> Your assignment:
Please repeat exactly the lines from the one containing "Freshly Picked (Smard" through the last line of the records below, both included, and leave out any pictures.

START Dataset extract

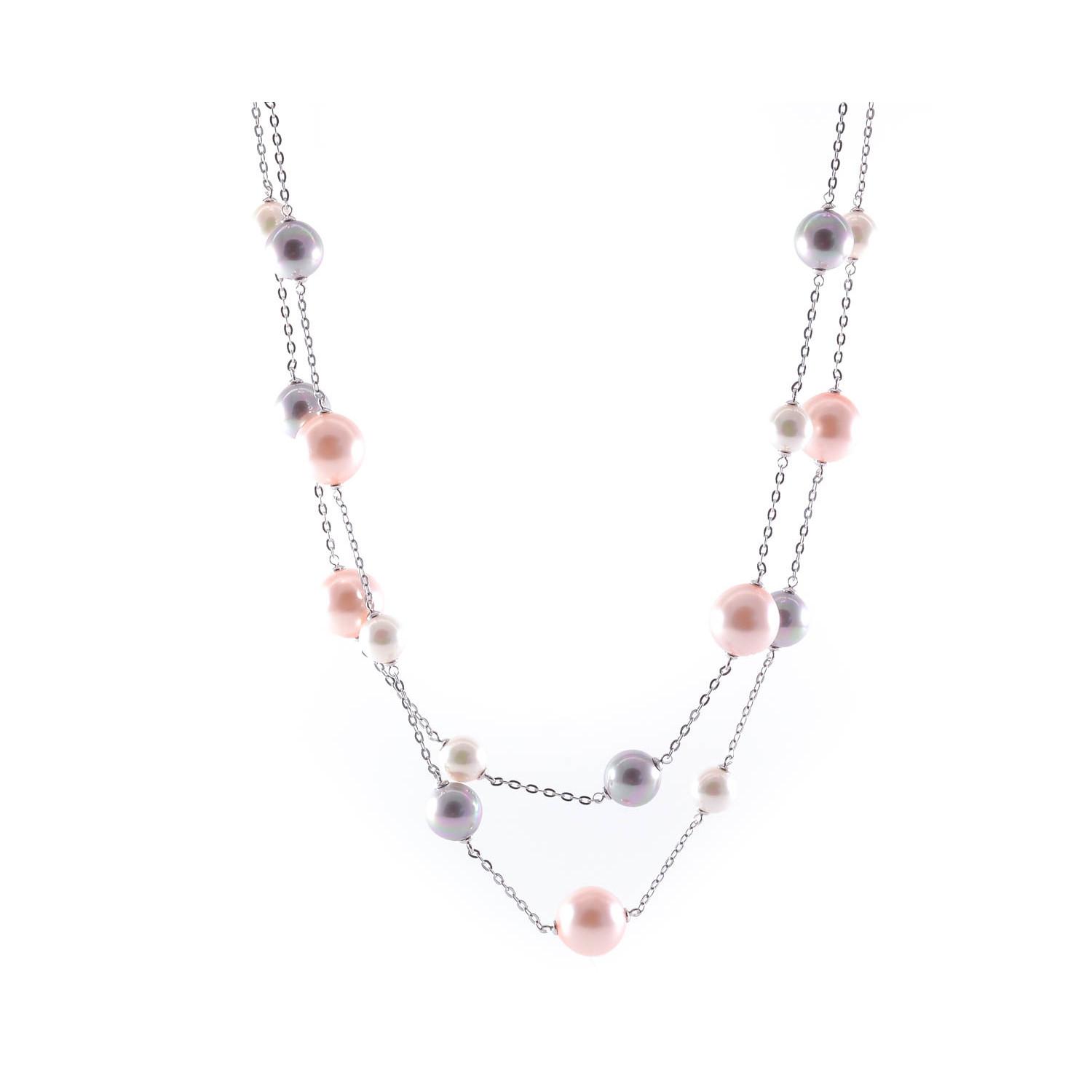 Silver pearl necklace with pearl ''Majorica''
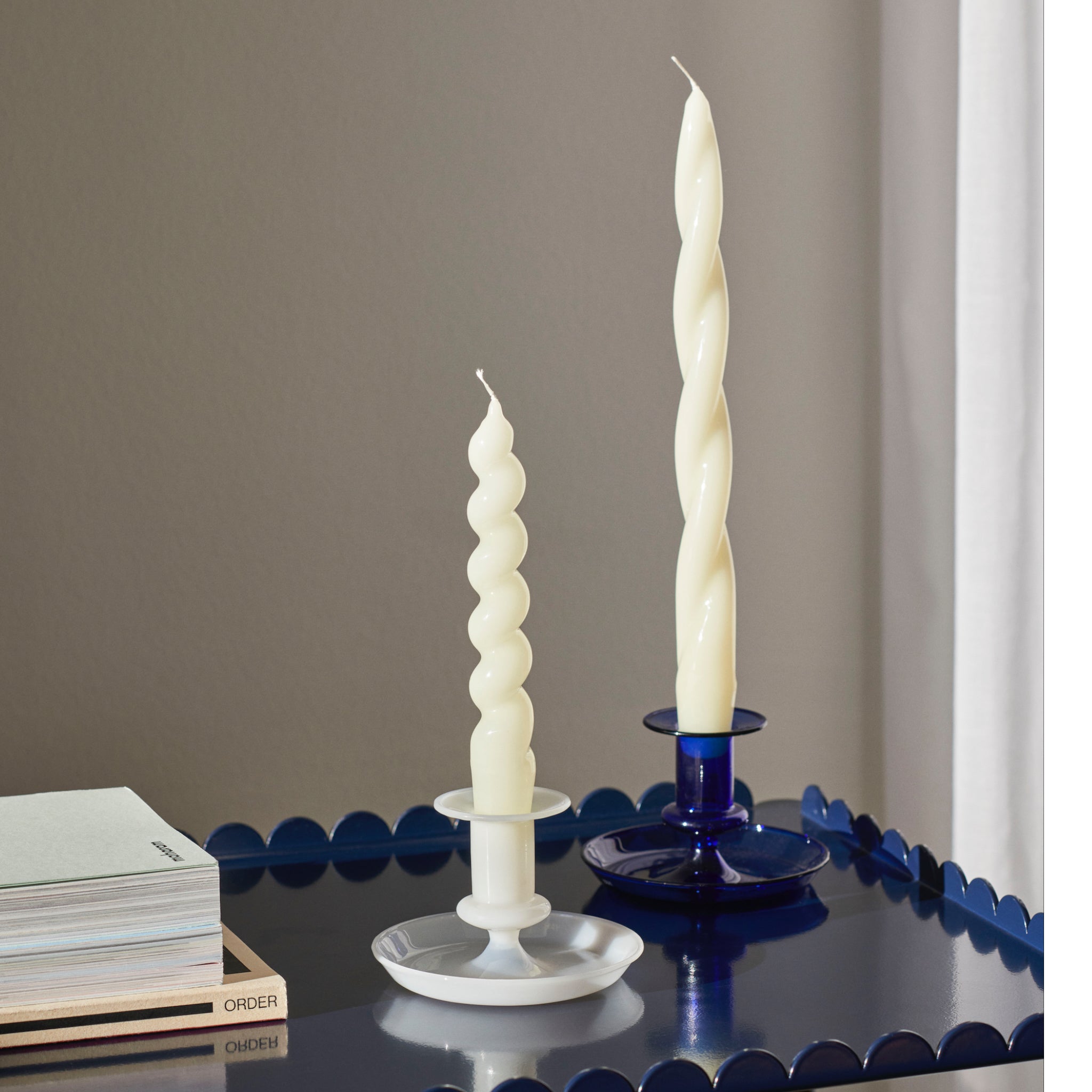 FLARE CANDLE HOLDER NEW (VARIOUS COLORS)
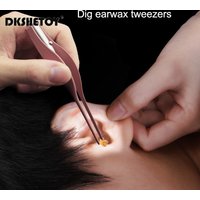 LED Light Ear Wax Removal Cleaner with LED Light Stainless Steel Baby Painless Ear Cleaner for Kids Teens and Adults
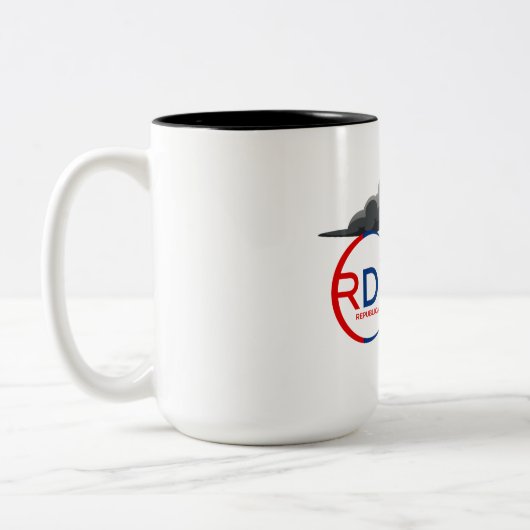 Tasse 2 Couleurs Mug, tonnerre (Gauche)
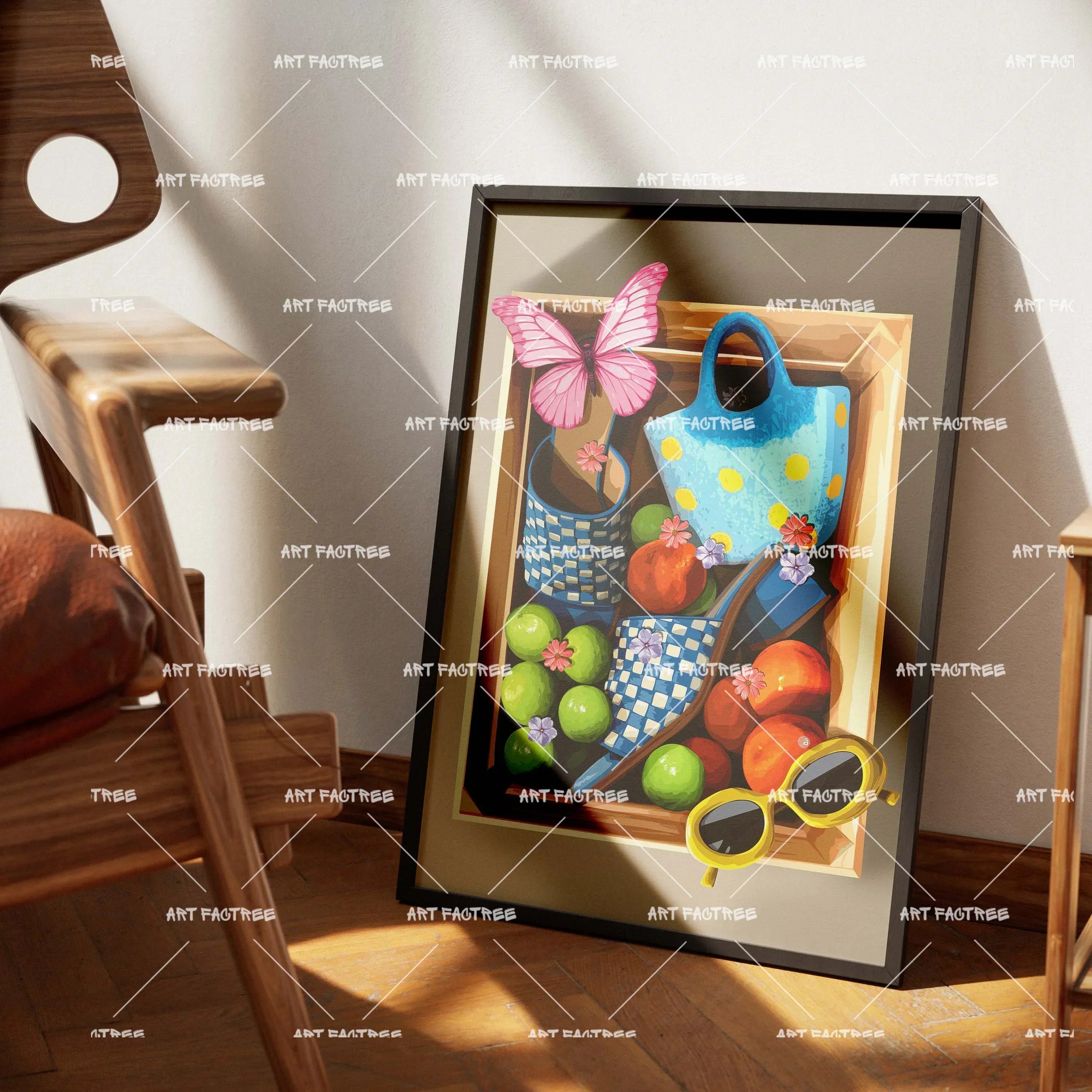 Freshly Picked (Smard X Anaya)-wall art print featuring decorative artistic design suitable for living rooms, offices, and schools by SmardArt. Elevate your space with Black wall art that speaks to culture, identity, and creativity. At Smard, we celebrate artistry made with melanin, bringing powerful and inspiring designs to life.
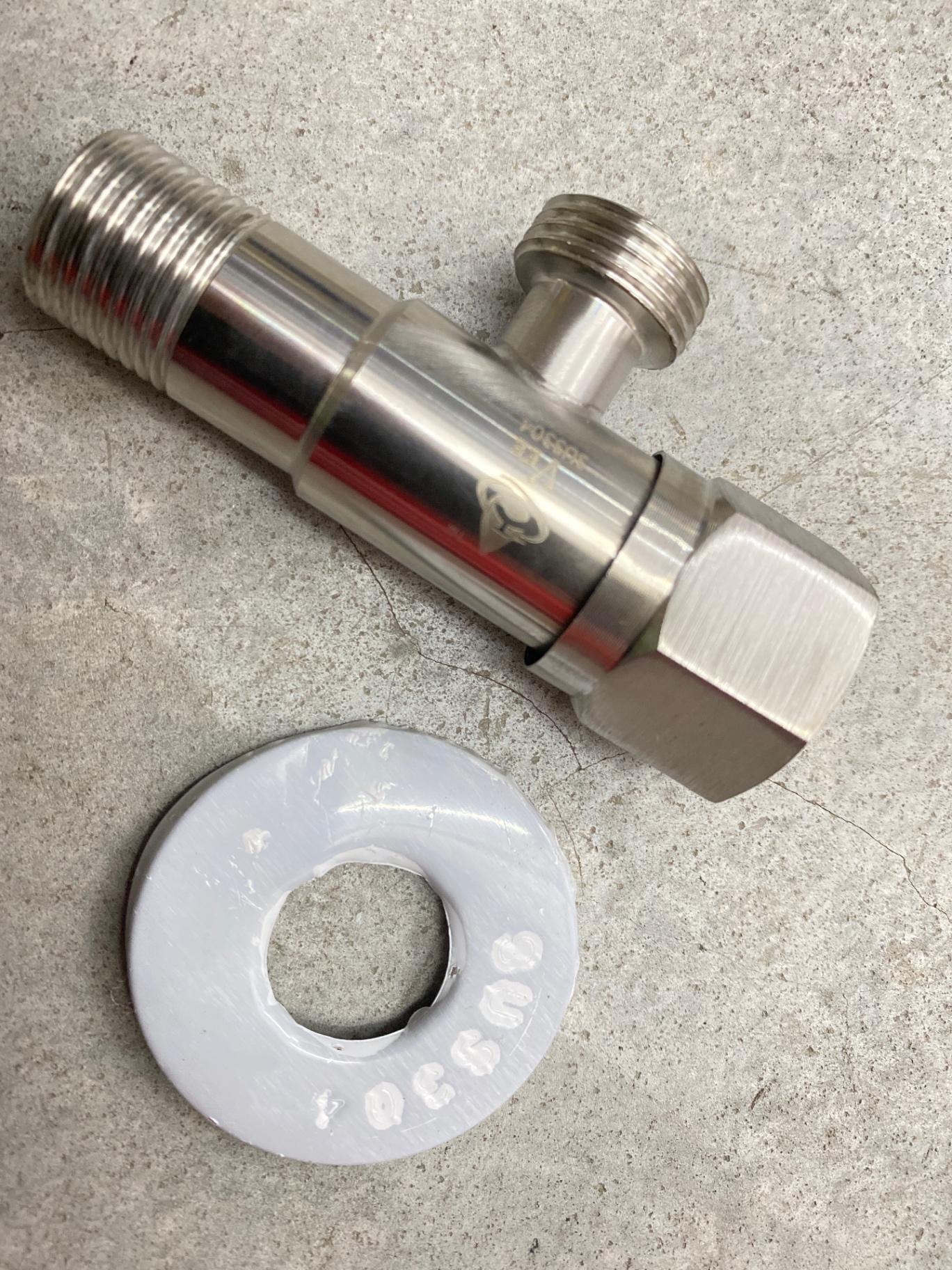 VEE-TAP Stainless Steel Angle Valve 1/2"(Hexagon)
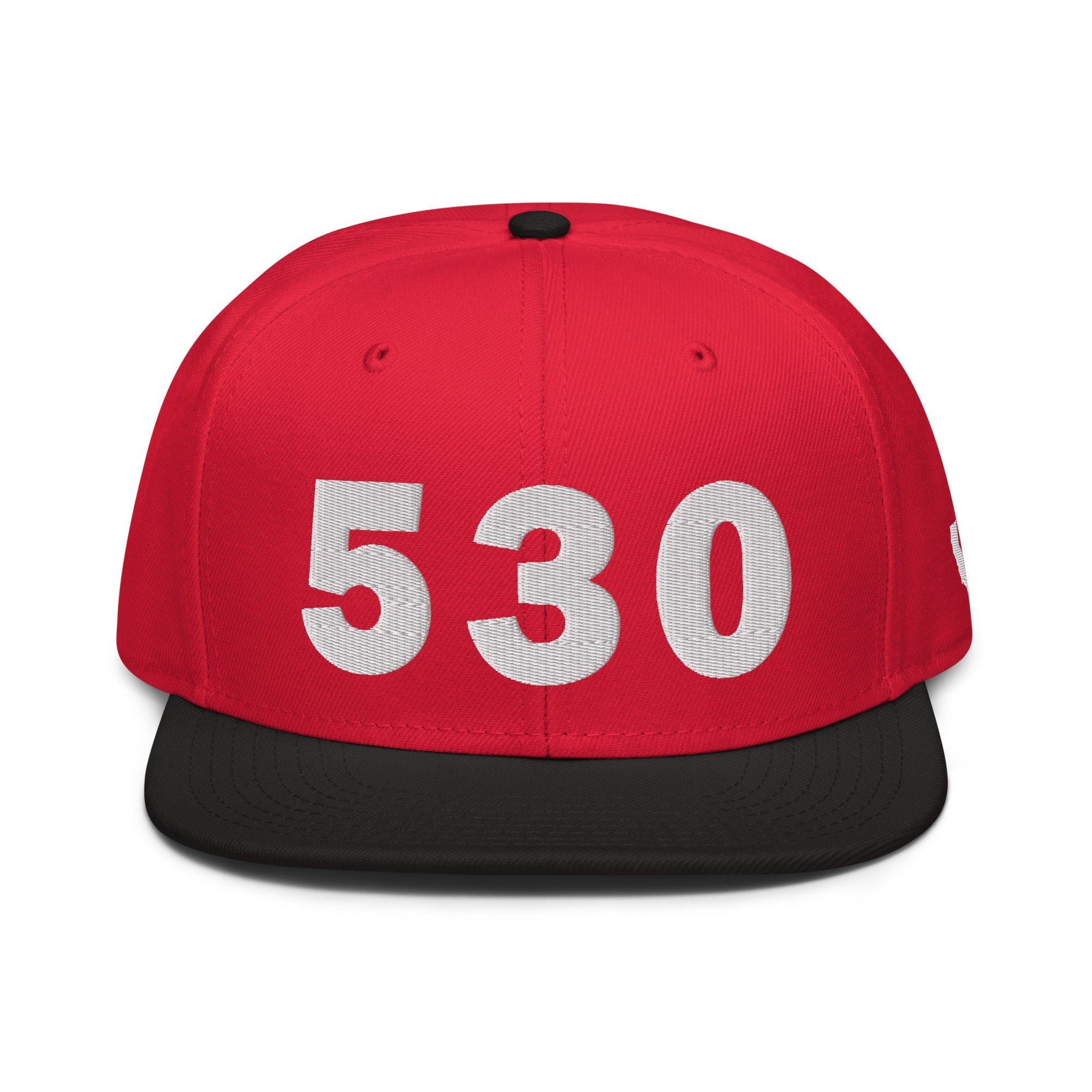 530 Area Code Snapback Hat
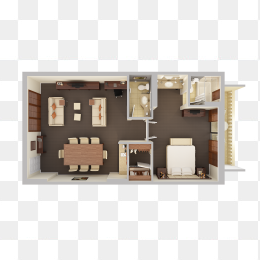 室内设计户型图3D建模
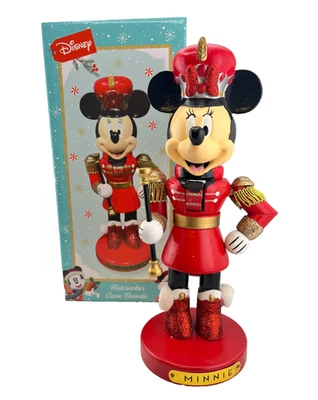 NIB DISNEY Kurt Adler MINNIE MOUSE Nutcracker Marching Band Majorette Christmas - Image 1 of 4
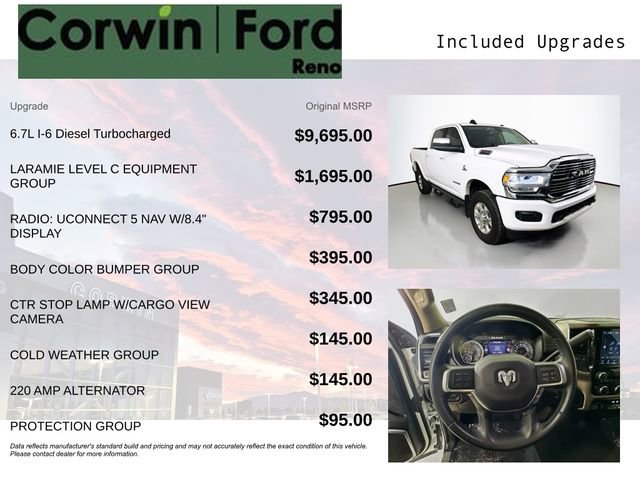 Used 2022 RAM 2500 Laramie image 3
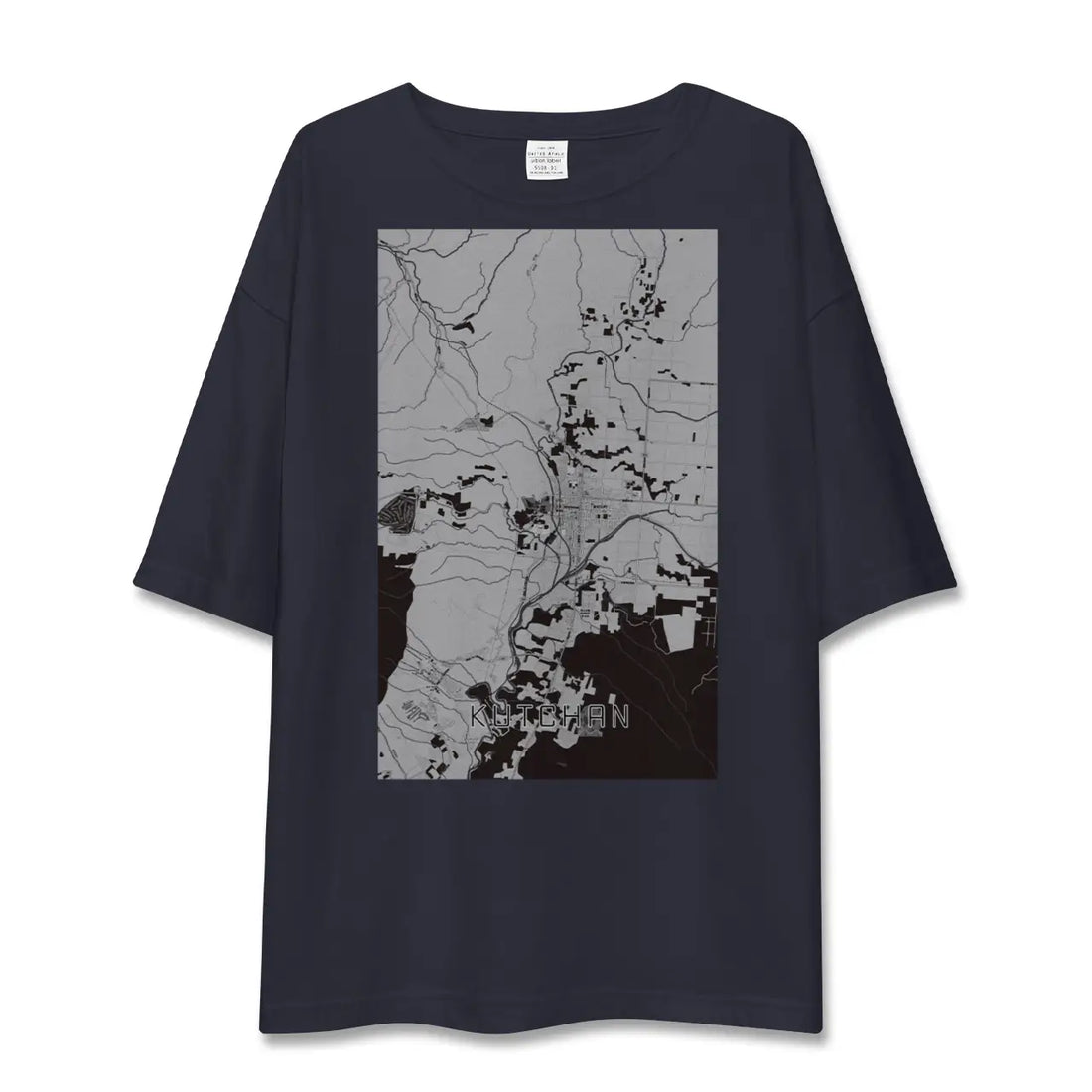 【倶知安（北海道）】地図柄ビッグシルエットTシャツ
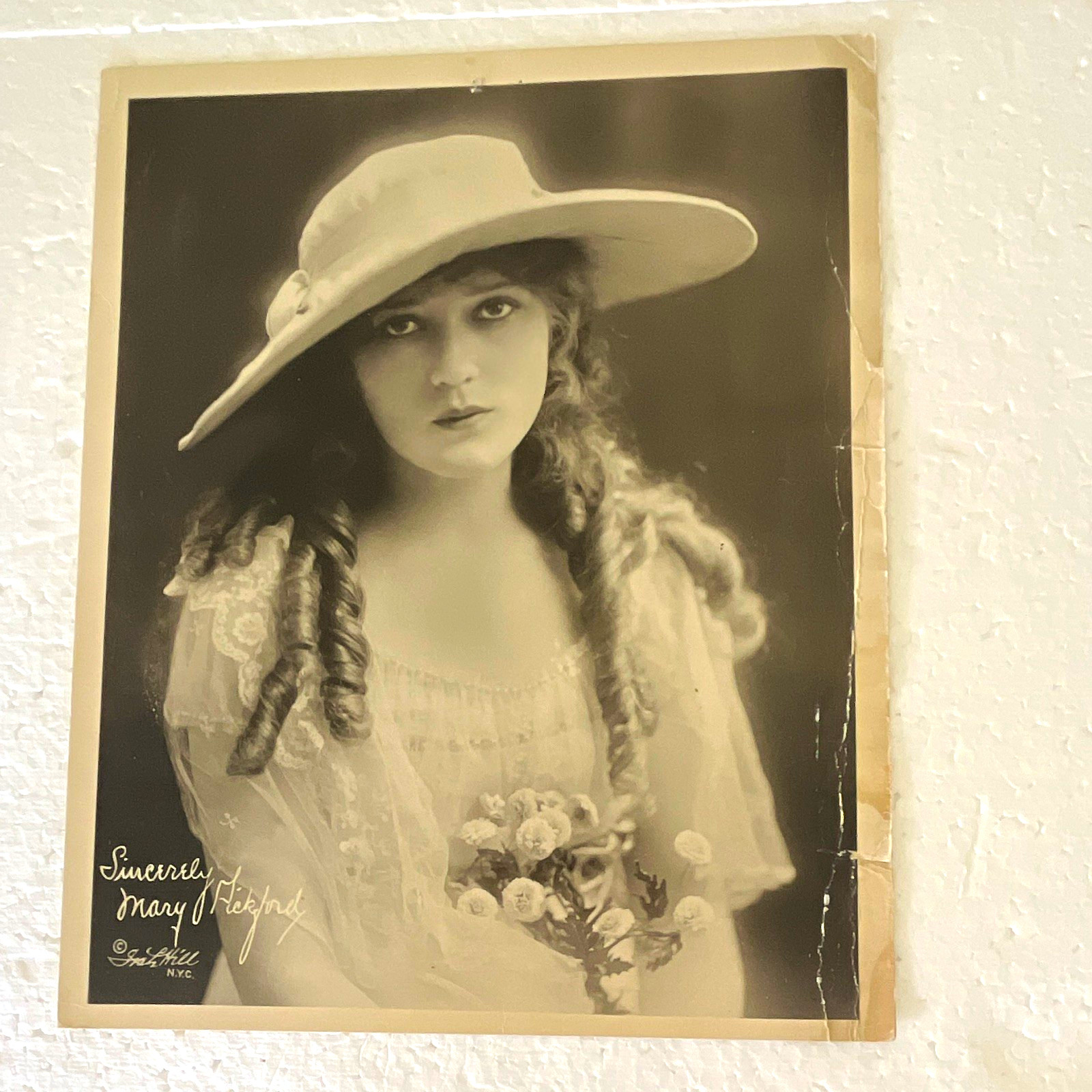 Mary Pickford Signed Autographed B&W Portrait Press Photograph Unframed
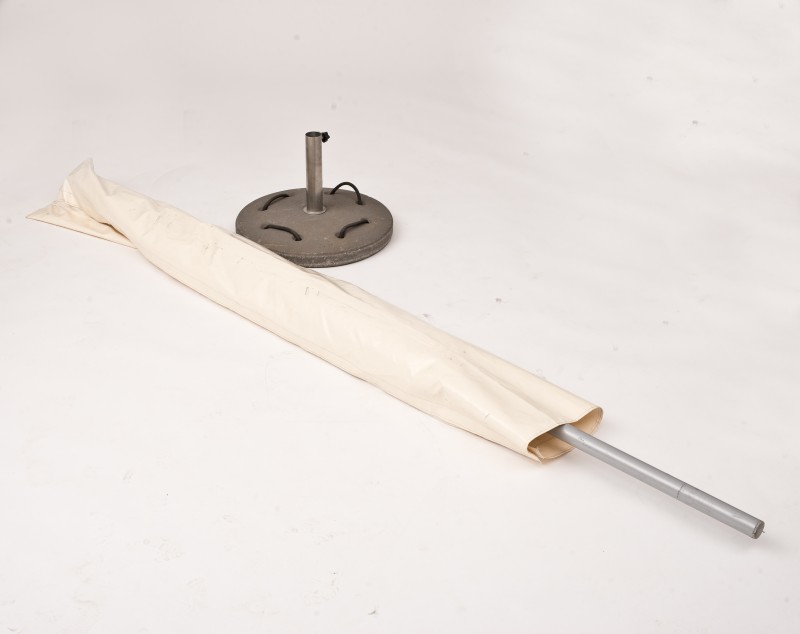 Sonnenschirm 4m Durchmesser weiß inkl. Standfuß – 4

END Dataset extract

> Finished task:
 Freshly Picked (Smard X Anaya)-wall art print featuring decorative artistic design suitable for living rooms, offices, and schools by SmardArt. Elevate your space with Black wall art that speaks to culture, identity, and creativity. At Smard, we celebrate artistry made with melanin, bringing powerful and inspiring designs to life.
 VEE-TAP Stainless Steel Angle Valve 1/2"(Hexagon)
 530 Area Code Snapback Hat
 室内设计户型图3D建模
 NIB DISNEY Kurt Adler MINNIE MOUSE Nutcracker Marching Band Majorette Christmas - Image 1 of 4
 Used 2022 RAM 2500 Laramie image 3
 【倶知安（北海道）】地図柄ビッグシルエットTシャツ
 Mary Pickford Signed Autographed B&W Portrait Press Photograph Unframed
 Sonnenschirm 4m Durchmesser weiß inkl. Standfuß – 4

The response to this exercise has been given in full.